To end for now, here’s a short personal story from ‘M’ about her journey into the cull zone and why she’s still here years later:
“5 yrs ago I read that campaign had been set up: Gloucestershire Against Badger Shooting. At the time I was living in the Forest of Dean and the new Head of the RSPCA, Gavin Grant, came to speak to us at a Hotel in Coleford. He spoke from the heart and he explained that DEFRA wanted to begin shooting badgers at night because they were thought to spread Bovine Tuberculosis to cattle.
I read up a bit about bTB and and listened to a local farmer, a dairy farming expert. He explained what I could easily see was true. Dairy cows must be constantly made pregnant to produce milk for the dairy industry. They are artificially inseminated and I remembered seeing a cow in a stable and the vet arriving to inseminate her. I went to see her as he left. She was facing the wall and I could feel her dismay. She had just been violated.
The farmer, whose name is Steve Jones, is an expert in setting up dairy farms – he explained that due to the cows’ lives they are very stressed and because of this their immune systems don’t function well at all. From this I looked at some awful youtube videos showing what a dairy cow’s life is like, often seeing their calves shot in front of them, sometimes immediately after birth, because they are male. Treated as objects. I have been a ‘veg head’ since I was 14 and now I rapidly turned vegan.
I was already a campaigner for greyhounds and was learning about the cruelty inflicted upon our fellow creatures… 5 yrs later and, at 71 yrs old, I sometimes feel I’m swimming and need to give all the sadness and anger a rest, to come up for air. We’re about to begin a roll out of the badger culling. Licences are about to be issued by Natural England again with 14,849 badgers already killed over the last few yrs. And how many were actually tested for bTB?!
There are many ways in which people can help to protect badgers, our wildlife. At present badger setts are being recorded and mapped out.

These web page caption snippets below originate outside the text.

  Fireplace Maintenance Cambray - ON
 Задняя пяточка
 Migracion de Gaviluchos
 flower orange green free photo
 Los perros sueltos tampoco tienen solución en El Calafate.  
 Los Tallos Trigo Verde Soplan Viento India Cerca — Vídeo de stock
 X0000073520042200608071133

From now on it’s going to be rather different as we won’t necessarily be guarding a particular sett or group of setts as cull areas are growing and spreading further. But it doesn’t mean we won’t have an impact.

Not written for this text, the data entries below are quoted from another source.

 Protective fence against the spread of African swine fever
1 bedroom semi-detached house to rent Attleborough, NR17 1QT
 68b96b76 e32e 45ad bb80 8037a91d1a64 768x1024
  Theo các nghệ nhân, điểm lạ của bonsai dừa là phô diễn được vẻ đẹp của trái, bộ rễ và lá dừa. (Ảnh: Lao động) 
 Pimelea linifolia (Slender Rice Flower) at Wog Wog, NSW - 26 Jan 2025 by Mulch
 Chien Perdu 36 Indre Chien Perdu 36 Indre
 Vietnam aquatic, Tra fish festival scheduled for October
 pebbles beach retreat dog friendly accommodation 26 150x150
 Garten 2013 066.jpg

The campaign needs people who not only care for badgers but all our wildlife, foxes in particular in many areas and animals snared and trapped to ‘protext’ animals that humans wish to kill for sport. Hunt terrier men, unspeakably cruel and sadistic, who dig out foxes who have gone to ground. They go out before the hunt begins and block badger setts so that hunted foxes cannot escape from the hounds.
Over the last 5 yrs I’ve learnt so much. The Tory party represent mainly the wealthy and this includes landowners, and so it is they who have engineered the licensing via Natural England which makes the killing of badgers legal. Otherwise the horrible irony is that they are a protected animal!

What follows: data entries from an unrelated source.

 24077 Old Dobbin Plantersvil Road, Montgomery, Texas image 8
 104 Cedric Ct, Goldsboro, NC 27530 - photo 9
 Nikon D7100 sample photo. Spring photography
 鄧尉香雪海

If you want to stand up and protect wildlife there will be a way that you can help whoever you are. Although it all seems too hard to bear it is better to do something about it than nothing – everything we do adds up. I’ve met some lovely people along the way too and weve all learned from each other and supported one another. Being out for hours at night has been fantastic at times, tiring at others. Facing the shooters felt great, knowing that they had to break their guns and go. There are now many people quite expert in knowing how to do this work and they are ready to help new areas and do what they can in their own local areas on a more ‘everyday’ basis.
I have no regrets at all… but know I would have if I hadn’t done my bit. Hope lies ahead and maybe one day we’ll be rid of the Tory party and more and more people will have been awakened to what goes on in the world… and, most importantly, what they can do about it.”